Source data ▸
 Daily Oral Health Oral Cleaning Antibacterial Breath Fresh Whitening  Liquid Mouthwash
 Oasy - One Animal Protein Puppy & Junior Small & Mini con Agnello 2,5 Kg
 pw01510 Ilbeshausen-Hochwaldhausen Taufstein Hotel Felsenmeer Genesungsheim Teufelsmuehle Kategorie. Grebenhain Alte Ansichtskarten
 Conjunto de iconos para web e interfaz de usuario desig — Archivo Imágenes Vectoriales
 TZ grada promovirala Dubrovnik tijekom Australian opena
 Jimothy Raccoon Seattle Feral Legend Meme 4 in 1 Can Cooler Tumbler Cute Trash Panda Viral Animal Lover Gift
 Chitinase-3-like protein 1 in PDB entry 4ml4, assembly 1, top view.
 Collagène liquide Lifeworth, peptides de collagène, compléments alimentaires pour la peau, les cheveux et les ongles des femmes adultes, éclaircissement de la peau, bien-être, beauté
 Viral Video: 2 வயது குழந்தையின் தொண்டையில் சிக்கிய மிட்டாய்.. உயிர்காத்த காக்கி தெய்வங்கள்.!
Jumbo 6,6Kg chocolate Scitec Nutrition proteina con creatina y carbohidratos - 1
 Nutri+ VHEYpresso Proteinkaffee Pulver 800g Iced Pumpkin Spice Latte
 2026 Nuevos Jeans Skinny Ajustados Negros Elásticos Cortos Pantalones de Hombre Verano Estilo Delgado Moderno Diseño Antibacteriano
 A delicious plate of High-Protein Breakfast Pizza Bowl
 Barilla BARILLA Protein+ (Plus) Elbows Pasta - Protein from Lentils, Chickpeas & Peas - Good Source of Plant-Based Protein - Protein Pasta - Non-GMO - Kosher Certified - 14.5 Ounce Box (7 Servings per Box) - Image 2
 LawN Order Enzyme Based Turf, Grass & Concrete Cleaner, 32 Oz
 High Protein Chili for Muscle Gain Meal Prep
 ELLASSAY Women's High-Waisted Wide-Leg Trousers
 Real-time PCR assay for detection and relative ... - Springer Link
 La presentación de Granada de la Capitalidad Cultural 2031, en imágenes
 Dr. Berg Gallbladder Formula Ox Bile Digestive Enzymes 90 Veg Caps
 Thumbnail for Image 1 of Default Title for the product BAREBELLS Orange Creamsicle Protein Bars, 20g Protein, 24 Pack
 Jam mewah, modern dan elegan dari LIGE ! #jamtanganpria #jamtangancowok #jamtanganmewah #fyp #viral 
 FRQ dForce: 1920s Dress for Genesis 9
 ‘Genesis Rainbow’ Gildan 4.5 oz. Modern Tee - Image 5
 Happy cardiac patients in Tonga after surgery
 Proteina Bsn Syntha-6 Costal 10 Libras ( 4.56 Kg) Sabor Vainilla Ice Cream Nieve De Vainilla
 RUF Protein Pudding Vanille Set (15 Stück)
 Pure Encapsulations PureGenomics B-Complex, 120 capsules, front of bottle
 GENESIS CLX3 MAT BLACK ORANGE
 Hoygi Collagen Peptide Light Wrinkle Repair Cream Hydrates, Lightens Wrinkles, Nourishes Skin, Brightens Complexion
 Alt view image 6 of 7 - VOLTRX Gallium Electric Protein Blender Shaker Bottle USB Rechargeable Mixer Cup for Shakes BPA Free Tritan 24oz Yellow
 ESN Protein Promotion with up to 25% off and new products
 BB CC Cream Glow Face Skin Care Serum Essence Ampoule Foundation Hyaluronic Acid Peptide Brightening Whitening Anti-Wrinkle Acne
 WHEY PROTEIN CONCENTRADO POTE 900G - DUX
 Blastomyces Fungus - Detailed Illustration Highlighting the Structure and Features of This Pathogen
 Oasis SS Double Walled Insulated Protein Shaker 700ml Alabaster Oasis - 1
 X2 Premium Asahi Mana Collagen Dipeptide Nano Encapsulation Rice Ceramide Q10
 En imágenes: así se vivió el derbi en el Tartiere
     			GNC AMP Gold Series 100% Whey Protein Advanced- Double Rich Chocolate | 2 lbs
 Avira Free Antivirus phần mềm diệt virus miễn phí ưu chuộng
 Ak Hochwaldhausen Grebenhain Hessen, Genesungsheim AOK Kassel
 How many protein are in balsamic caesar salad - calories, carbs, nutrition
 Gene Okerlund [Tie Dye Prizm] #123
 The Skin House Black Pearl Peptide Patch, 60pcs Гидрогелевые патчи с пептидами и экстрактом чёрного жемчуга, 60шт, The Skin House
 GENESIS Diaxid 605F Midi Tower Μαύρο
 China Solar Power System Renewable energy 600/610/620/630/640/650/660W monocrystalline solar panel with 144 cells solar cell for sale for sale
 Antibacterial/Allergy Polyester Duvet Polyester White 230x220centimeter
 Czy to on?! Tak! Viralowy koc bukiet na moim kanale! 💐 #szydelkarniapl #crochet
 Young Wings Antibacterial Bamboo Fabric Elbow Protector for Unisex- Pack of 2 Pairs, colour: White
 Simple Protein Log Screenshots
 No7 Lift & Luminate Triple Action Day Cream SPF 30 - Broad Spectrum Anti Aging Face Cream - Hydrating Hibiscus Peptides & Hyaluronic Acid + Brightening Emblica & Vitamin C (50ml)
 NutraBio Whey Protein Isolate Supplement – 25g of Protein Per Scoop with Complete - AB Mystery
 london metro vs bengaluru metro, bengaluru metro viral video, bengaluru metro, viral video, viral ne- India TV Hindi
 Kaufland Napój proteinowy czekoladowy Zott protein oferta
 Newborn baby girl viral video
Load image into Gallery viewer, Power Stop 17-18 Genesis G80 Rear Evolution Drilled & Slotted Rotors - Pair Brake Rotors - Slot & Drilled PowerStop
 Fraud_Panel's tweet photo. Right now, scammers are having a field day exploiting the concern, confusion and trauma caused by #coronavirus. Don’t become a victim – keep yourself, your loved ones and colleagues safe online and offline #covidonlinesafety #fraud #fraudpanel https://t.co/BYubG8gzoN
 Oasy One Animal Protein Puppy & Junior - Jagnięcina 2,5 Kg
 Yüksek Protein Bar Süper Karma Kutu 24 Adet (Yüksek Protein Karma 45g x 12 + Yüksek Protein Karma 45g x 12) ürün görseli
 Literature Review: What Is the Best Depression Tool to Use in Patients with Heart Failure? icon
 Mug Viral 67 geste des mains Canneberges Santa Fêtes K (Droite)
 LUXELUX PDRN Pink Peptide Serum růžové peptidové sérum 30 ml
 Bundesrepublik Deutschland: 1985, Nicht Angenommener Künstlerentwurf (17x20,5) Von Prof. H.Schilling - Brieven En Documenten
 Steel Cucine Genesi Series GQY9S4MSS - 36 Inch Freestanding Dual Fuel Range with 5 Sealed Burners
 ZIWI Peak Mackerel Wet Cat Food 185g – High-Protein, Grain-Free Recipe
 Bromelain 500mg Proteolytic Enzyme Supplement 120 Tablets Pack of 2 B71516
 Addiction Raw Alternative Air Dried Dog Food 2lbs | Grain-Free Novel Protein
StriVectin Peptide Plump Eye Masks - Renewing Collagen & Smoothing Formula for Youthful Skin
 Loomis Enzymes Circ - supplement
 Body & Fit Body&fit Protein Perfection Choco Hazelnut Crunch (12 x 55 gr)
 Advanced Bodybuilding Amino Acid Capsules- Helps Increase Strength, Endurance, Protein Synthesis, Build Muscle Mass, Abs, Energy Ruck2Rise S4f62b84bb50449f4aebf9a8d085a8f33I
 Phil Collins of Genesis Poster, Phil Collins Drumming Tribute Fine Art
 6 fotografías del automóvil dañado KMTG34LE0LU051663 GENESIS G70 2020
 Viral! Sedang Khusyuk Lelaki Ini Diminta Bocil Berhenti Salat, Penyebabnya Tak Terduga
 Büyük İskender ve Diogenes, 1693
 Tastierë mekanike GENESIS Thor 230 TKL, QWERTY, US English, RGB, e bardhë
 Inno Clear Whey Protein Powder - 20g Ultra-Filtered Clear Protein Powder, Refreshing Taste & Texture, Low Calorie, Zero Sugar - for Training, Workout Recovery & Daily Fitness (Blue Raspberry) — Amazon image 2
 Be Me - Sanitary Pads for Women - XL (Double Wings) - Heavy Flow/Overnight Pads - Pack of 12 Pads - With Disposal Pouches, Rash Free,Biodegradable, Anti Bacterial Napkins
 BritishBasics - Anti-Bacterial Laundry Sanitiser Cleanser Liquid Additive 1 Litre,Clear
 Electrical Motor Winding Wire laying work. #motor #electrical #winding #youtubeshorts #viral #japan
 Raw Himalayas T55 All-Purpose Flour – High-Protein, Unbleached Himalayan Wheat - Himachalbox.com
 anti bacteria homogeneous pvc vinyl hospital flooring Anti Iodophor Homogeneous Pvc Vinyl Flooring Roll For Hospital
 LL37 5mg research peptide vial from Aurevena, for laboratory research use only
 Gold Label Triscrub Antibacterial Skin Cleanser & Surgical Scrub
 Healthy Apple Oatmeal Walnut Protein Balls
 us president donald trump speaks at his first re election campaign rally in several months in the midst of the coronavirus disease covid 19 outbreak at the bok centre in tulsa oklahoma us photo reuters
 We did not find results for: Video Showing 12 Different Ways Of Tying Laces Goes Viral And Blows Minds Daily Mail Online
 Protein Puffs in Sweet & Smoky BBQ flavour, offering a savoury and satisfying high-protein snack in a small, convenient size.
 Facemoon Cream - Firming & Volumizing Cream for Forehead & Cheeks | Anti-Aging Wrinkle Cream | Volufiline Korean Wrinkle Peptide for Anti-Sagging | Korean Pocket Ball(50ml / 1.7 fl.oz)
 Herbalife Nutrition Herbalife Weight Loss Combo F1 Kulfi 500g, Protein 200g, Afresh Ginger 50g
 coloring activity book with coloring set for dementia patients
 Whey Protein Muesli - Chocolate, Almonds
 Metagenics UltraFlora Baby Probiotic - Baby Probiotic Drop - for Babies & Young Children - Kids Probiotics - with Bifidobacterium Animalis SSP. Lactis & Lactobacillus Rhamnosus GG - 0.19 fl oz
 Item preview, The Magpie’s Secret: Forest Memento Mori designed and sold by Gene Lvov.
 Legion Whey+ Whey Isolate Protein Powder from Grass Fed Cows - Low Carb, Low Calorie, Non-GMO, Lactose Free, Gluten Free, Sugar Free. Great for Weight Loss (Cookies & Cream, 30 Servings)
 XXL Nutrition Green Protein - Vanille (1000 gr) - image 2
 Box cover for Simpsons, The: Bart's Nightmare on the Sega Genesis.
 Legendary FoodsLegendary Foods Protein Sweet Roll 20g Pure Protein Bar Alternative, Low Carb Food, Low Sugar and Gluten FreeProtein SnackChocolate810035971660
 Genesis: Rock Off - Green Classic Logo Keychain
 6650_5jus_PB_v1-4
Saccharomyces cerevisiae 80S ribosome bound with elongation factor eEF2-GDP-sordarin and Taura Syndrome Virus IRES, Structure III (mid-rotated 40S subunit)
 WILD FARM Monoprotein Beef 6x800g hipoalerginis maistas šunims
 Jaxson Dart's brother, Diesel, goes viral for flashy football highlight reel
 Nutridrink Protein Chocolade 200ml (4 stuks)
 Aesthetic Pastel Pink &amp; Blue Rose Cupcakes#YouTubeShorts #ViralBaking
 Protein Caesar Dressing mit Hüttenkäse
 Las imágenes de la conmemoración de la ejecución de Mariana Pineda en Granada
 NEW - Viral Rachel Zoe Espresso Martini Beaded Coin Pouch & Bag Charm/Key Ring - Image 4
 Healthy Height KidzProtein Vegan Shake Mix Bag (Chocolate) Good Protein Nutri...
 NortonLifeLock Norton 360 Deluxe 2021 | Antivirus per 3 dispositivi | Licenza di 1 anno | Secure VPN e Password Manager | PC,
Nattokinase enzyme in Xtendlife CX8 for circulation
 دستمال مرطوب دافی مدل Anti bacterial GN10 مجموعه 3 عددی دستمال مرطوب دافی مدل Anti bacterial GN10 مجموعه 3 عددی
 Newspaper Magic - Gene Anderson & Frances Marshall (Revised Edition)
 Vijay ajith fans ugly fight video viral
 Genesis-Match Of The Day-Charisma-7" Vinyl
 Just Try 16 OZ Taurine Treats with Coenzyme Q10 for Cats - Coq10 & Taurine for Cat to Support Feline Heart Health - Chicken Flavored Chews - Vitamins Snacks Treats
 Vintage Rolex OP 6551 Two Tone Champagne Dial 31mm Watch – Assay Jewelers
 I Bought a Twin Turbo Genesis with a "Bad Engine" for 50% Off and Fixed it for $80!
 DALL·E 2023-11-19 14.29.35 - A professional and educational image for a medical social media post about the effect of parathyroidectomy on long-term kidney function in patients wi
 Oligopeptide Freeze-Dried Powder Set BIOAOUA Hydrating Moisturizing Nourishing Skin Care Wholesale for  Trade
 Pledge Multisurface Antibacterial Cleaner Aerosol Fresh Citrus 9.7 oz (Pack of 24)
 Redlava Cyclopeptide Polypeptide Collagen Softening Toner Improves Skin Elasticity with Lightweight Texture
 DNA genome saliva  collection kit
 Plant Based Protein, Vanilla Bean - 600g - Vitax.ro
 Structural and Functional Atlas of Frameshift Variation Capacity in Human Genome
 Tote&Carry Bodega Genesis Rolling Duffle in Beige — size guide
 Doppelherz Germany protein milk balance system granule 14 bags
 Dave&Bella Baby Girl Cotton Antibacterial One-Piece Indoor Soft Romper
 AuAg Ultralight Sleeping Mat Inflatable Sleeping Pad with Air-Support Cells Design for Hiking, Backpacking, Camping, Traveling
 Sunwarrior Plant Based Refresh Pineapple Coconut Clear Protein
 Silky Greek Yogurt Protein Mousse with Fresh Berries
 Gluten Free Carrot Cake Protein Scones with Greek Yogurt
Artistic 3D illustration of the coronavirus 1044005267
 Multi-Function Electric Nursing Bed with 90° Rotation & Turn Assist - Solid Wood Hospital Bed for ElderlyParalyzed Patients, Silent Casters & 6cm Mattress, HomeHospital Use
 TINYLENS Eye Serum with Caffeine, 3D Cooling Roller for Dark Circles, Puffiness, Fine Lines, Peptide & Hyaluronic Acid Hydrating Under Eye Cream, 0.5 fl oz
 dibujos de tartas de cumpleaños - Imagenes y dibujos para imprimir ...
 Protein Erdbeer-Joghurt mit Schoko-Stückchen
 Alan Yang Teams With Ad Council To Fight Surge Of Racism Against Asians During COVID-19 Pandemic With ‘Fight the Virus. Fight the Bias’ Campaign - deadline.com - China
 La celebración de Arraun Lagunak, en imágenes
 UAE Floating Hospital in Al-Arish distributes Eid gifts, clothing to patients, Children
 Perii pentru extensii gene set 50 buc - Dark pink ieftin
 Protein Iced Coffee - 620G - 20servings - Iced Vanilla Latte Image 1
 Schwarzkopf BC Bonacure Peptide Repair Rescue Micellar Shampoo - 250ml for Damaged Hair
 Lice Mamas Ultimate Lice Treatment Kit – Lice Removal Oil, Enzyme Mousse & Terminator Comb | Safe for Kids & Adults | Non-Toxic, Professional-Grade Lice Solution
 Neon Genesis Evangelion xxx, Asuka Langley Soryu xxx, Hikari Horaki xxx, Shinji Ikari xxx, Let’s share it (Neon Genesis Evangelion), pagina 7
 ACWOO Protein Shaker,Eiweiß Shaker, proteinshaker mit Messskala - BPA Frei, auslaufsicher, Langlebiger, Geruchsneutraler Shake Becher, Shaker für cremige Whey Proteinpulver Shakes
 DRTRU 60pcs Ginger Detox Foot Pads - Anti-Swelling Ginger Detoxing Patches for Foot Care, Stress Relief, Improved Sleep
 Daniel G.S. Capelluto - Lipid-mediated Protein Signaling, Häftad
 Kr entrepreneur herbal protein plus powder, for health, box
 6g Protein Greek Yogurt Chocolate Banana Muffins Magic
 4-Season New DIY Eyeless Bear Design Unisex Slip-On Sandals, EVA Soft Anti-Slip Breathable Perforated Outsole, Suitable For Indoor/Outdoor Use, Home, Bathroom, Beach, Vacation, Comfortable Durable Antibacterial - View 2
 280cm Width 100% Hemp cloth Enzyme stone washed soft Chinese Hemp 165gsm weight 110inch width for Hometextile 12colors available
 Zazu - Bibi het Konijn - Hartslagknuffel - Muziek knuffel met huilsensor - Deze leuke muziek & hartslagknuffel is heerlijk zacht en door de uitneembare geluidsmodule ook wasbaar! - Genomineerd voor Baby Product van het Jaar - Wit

Your objective ▸
The lines to extract from the data above begin with the line containing "pw01510 Ilbeshausen-Hochwaldhausen Taufstein" and end with the line containing "Jimothy Raccoon Seattle". Extract them exactly, including both.

Answer to this task ▸
 pw01510 Ilbeshausen-Hochwaldhausen Taufstein Hotel Felsenmeer Genesungsheim Teufelsmuehle Kategorie. Grebenhain Alte Ansichtskarten
 Conjunto de iconos para web e interfaz de usuario desig — Archivo Imágenes Vectoriales
 TZ grada promovirala Dubrovnik tijekom Australian opena
 Jimothy Raccoon Seattle Feral Legend Meme 4 in 1 Can Cooler Tumbler Cute Trash Panda Viral Animal Lover Gift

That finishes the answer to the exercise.